# Chimney placement and other questions



## Waiting Falcon (Nov 25, 2010)

What is the rule for chimney placement in regard to roof peak and nearby trees? Is there a conflict if there is already a chimney on the roof?

Stainless steel chimney pipe vs. brick with liner
This is for a wood stove.

Also the construction for the best draw which I am sure everyone wants.

Using a chimney that has an old insert in it .

If insert is removed what needs to be done to use the chimney for a wood stove? Will there need to be pipe all the way through the chimney and above the chimney opening.

I know nothing about fireplaces or their chimneys and would appreciate any knowledge that could be shared


----------



## Cabin Fever (May 10, 2002)

My recommendation is to place the chimney where it is closest to the roof peak as possible. That way you have (1) a relatively short chimney above the roof deck - for easy cleaning and (2) the chimney remains relatively warm because it is inside the home/attic for much of its length - which results is less creosote build up.

The "rules" are that the top of the chimney should be 2 to 3 feet higher than any part of the home within 10 horizontal distance and the chimney/stovepipe should have a minimum of 10 to 12 feet vertical length.


----------



## Waiting Falcon (Nov 25, 2010)

The brick chimney is totally on the outside of the house.It is at least 30 inches above the peak. But it has a down draft. that is what concerns me and makes me wonder if I put a triple wall pipe at the other end of the house- will there be a down drat on it too.

I do not know what is causing the fireplace to down draft at any wind. It is properly capped as far as I can see.


----------



## Bearfootfarm (Jul 13, 2006)

> I do not know what is causing the fireplace to down draft at any wind.


Any nearby taller trees could cause it.
Another chimney would have no effect at all


----------



## Waiting Falcon (Nov 25, 2010)

How close is too close for the trees?

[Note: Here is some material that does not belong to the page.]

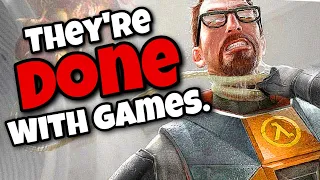 Why Does Valve BARELY Make Games?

I think the closest one to the chimney is at least 30 feet


----------



## Cabin Fever (May 10, 2002)

Does your home have an air exchanger? - which I believe is code for new construction, especially in airtight homes. 

Also, does your chimney have a downdraft when a window in the same room is cracked open?


----------



## Bearfootfarm (Jul 13, 2006)

> I think the closest one to the chimney is at least *30 feet*


That's not far at all.

Maybe you can get more info here:
(Wood Stove Smoking Back; Poor or no Draw up the Chimney; The Stack Effect)


----------



## Waiting Falcon (Nov 25, 2010)

I have only tried using the fireplace a few time. I do not think I ever had a window open at the time. I do not have a ventilator and I do not have a basement.
There is a solid line of trees, 40 feet away, on the north, and 60 feet on the west, only occasional trees otherwise.
If I was to put a SS flue on the other end of the house , the nearest tree would be 25 ft.

Forget burning wood or?????


----------



## SuburbanHermett (Jan 12, 2009)

Wait; when you used the fireplace, did you start the air draw before you lit the wood? The way we do it here is you hold a piece of newspaper above the logs, light it (the newspaper) wait for the "whoosh" sound and then start the kindling under the logs. If you don't change the direction of the air flow, the house will get filled with smoke.


----------



## beowoulf90 (Jan 13, 2004)

Waiting Falcon said:


> I have only tried using the fireplace a few time. I do not think I ever had a window open at the time. I do not have a ventilator and I do not have a basement.
> There is a solid line of trees, 40 feet away, on the north, and 60 feet on the west, only occasional trees otherwise.
> If I was to put a SS flue on the other end of the house , the nearest tree would be 25 ft.
> 
> Forget burning wood or?????


Do you have dampers in the chimney? Or is it an older Rutherford? style with sloped back wall?

A cold chimney will always have a down draft, because cooler air naturally falls as warm air rises. 

As SuburbanHermett said, Start/create a draft first. Also check any dampers on the chimney to make sure they are functional, if it has any.


----------